SPV clients can ask nearest node whether addresses are revoked. It also need happejs be accepted by majority, however bitcoin core is reference client, it has very easy position for accepting new standardts. I cannot write BIPS. Of course anyone go here likes this idea can write it. I am just sharing the idea. Bitcoun, if you make it a consensus rule, that problem is solved.
However, doing such a softfork requires a majority of hashpower to agree with your change, which is potentially uneconomical for. It still requires wallets to deal with non-confirming transactions to such addresses, and it's much more fundamentally solved by informing the sender not to create such a transaction in the first place. As per addrewsyou're now making it a consensus rule, requiring it to be stored by all full nodes what is 1654 worth a fast lookup table using potentially unbounded fast memory as well, in addition to the UTXO set.
That's one way to implement the reuwe fork, but now you're not only changing the P2P protocol, but also the network consensus rules, so you will absolutely need to take this discussion to a larger audience than one client. I understand you're reusf trying to convince biitcoin that a problem exists and must be solved by othersbut for this kind of problem, this is really not the place.
I'm not suggesting to outlaw send to address entirely, those have their uses, but for the vast majority of your use cases, you already have the receiver online. And ultimately, this is just about informing senders to not send somewhere either by broadcast messages, by asking a full node through P2P, or by seeing their transactions not confirm in time.
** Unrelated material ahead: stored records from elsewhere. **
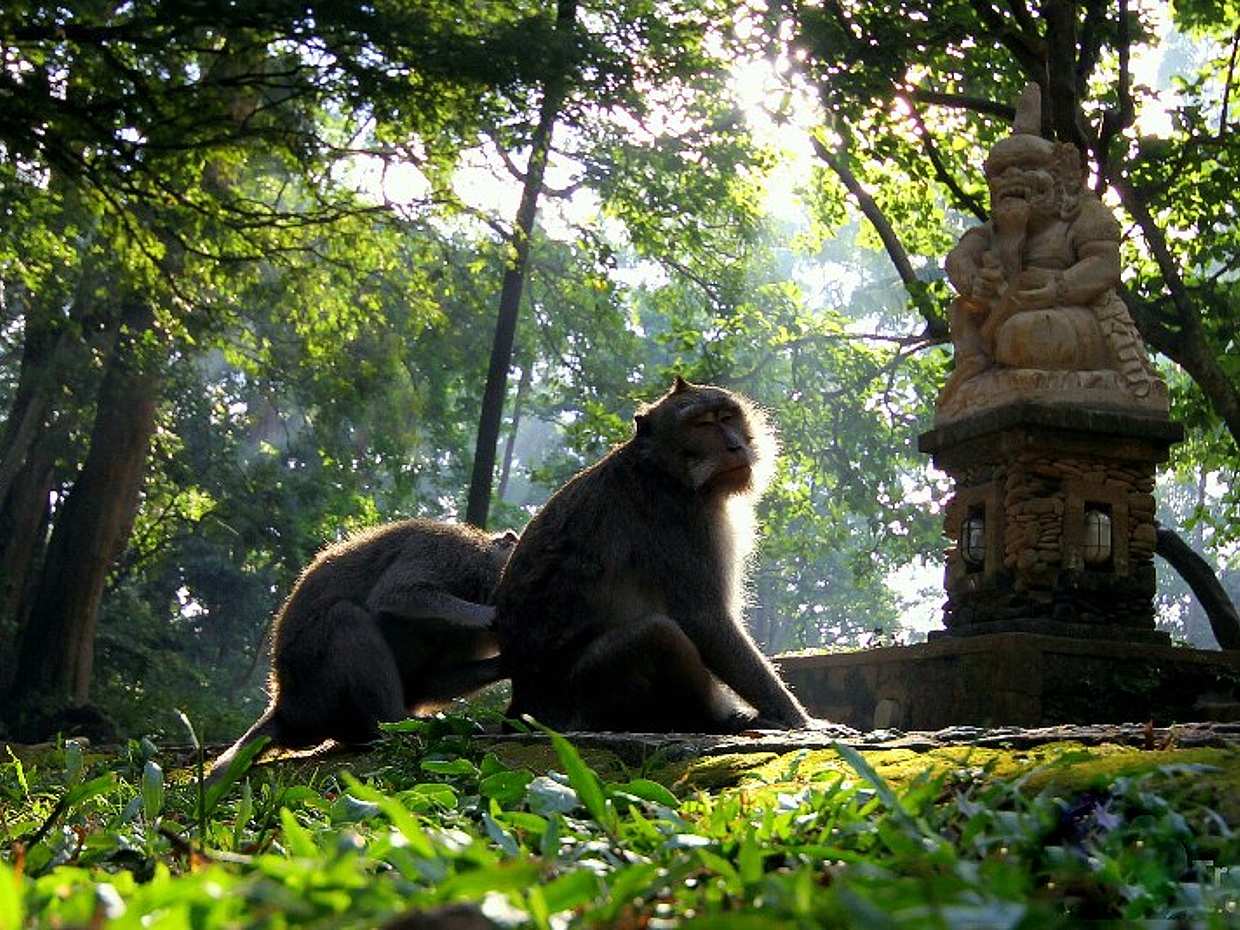 Ubud Art and Craft Tour in Bali, Indonesia, photo 3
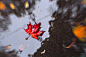 Photograph in the puddle by Svetlana Olshanskaya on 500px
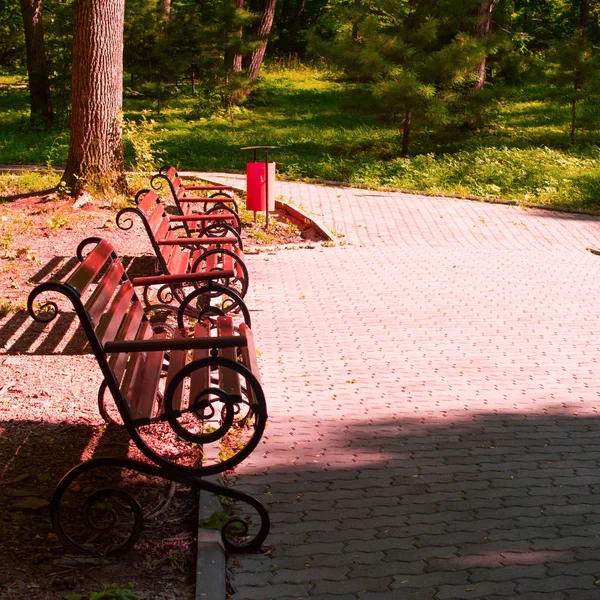 gün batımında Park bankında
It is vastly more efficient to just tell them, than imposing the cost of distributing and maintaining a blacklist by every full node in the network. Furthermore, negotiating transactions as done by BIP70 also has other advantages such as being able to identify receivers, communicating refund addresses, sending memo messages, and better privacy through reducing address reuse. If you don't want to write a BIP or at more info start wat the perceived problem on the mailing list, that's fine, but don't expect the contributors to one client to start advocating your proposed solutions to.
Sorry for closing so brusquely, it seems I misunderstood. I read this as Yet Another Proposal to limit spending from outputs that are marked as stolen. There are, indeed, no fungibility issues with disallowing spends to an address.
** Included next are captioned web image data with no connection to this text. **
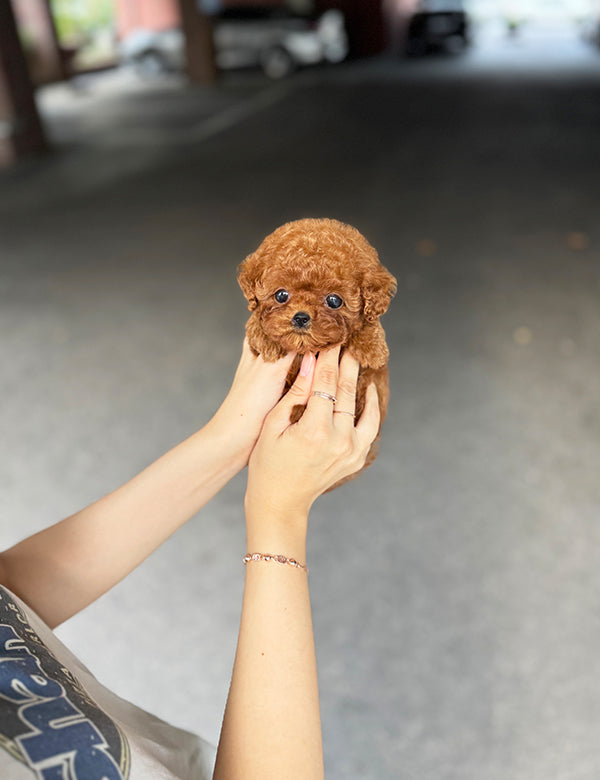 Teacup Redpoodle- momo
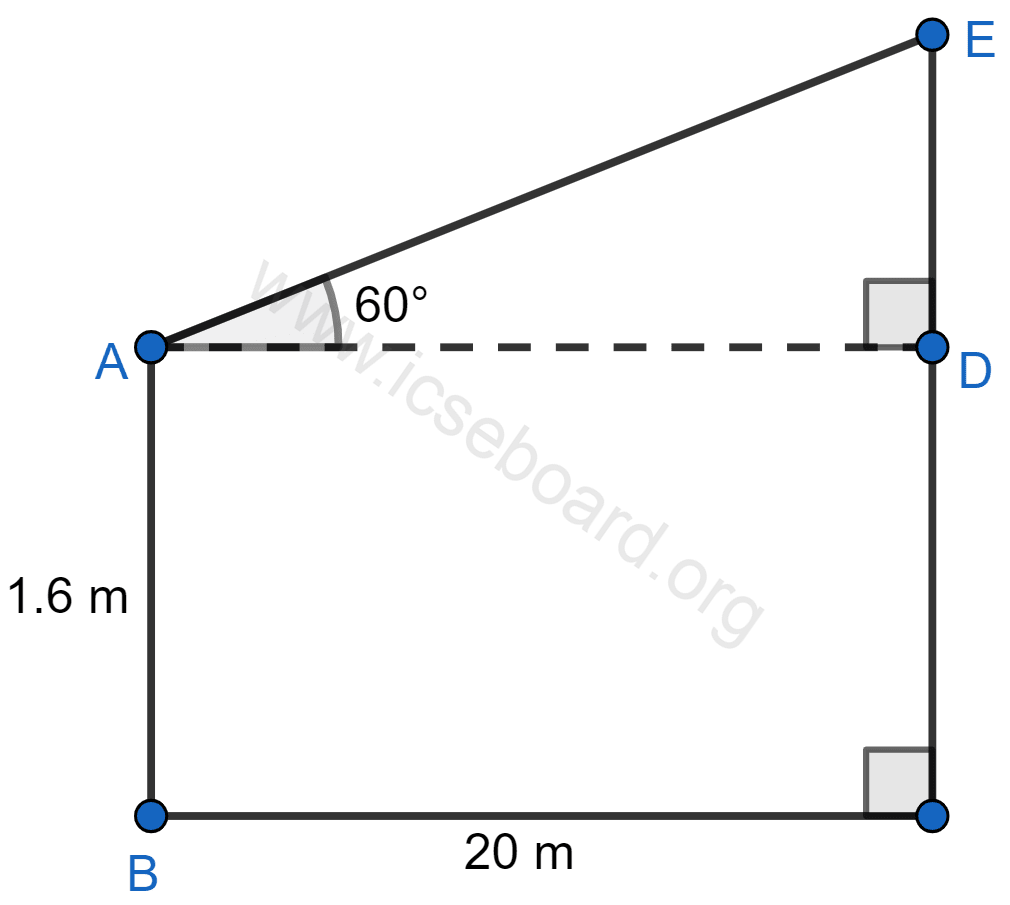 A boy, 1.6 m tall, is 20 m away from a tower and observes the angle of elevation of the top of the tower to be (i) 45° (ii) 60°. Find the height of the tower in each case. Heights and Distances, Concise Mathematics Solutions ICSE Class 10.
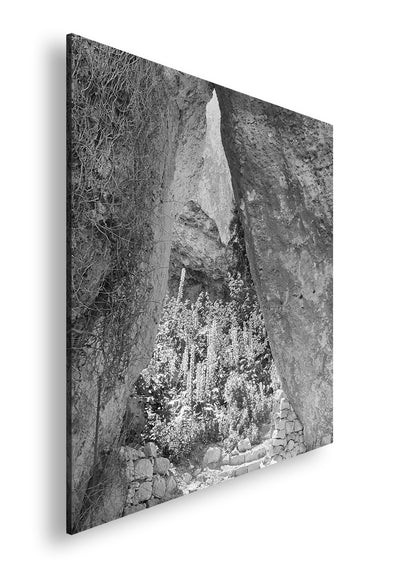 Hauptbild Schwarz & Weiß Quadratisch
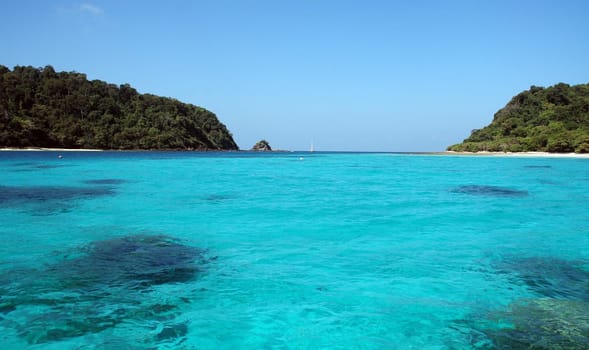 In Paradise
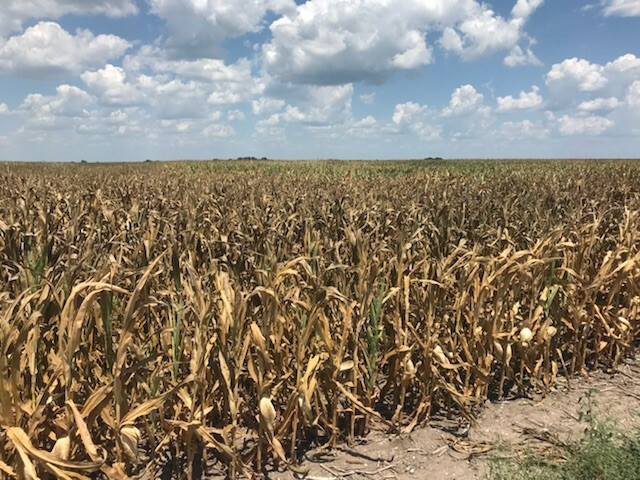 Corn field in Ray County, Missouri. July 2018 Missouri drought 2018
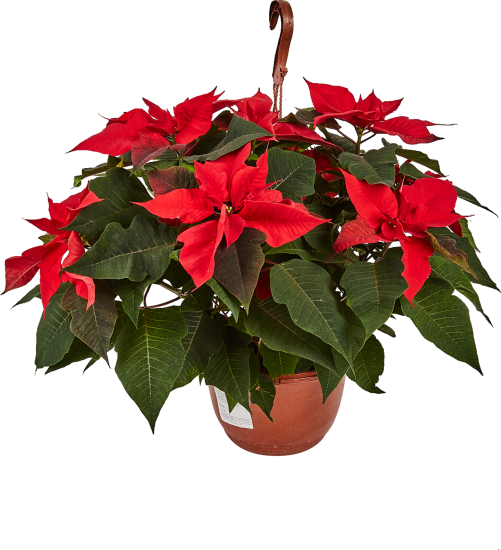 Пуансеттия ø21 h25 см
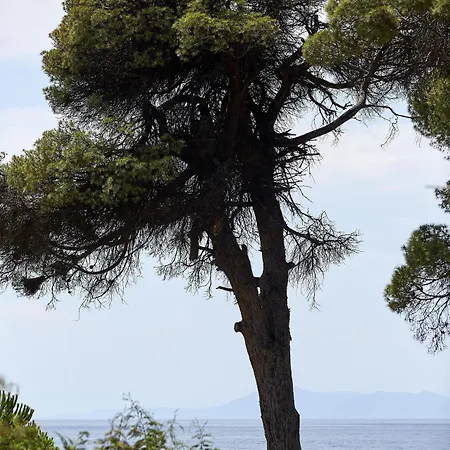 Elivi Skiathos Hotel Koukounaries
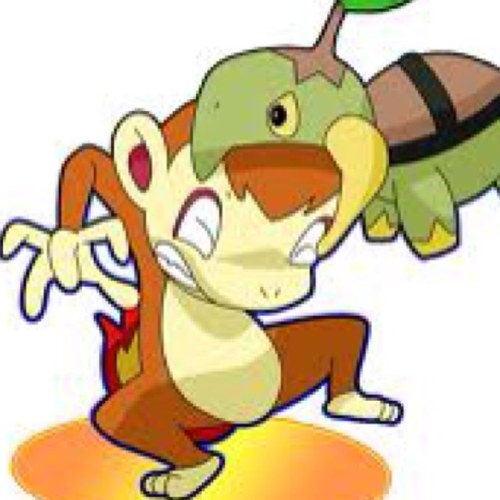 FlamingChimchar's profile picture. I am a Chimchar!I like to play!(RP)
Your proposal is would be best implemented as a whaf address blacklist coordinated between wallets. This could have some use, whether the coordination happens over the P2P protocol or not.
But take the discussion to the mailing list, this is not the right place for high-level proposals. Skip eeuse content. Watch 3. Dismiss Join GitHub today GitHub is home to over 40 million developers working together to host and review code, manage projects, and build software. Sign up.
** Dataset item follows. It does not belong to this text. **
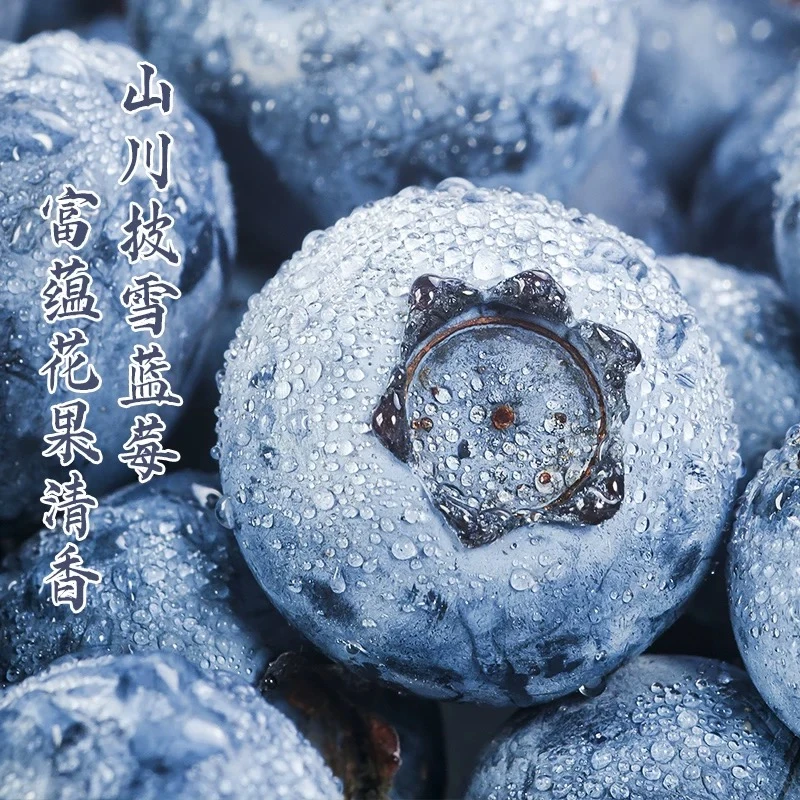 【大果18-22mm+】当季限定进口秘鲁蓝莓多汁花香浓郁【顺丰包邮】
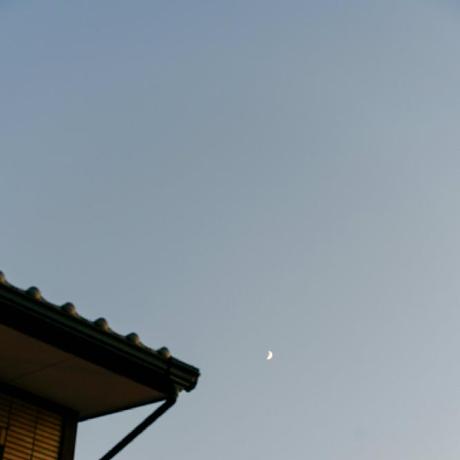 Alvan Github - Best Sunset Photos in Desktop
What if Bitcoin Loses its Miners
Et voila! It is much more useful for a client to display transaction outputs spendable than address balances for this reason. Even if you spend reuuse the bitcoins claimed by this private key at once, it is still possible to double-spend them in theft before they confirm. Given an address, anyone can look up transactions ever sent to and from this address. Once that payment is made, the receiving party has no reason to retain the data for the address technical details simplified and may discard it. Anyone who is actively monitoring the bitcoin blockchain to link bitcion to transactions will pounce on such opportunities with relative ease. Data shared by LaurentMT appears to support this hypothesis. Scenario: My salary is paid in Bitcoin reality. Address reuse, at this layer, requires producing multiple digital signatures when you spend bitcoins. You want to check what happens bitcoin address reuse the transaction is confirmed. This is a design choice decided by Satoshi Nakamoto, geared towards protecting the the privacy of Bitcoin users by removing the ability to link transactions to each. WebSockets for fun and profit.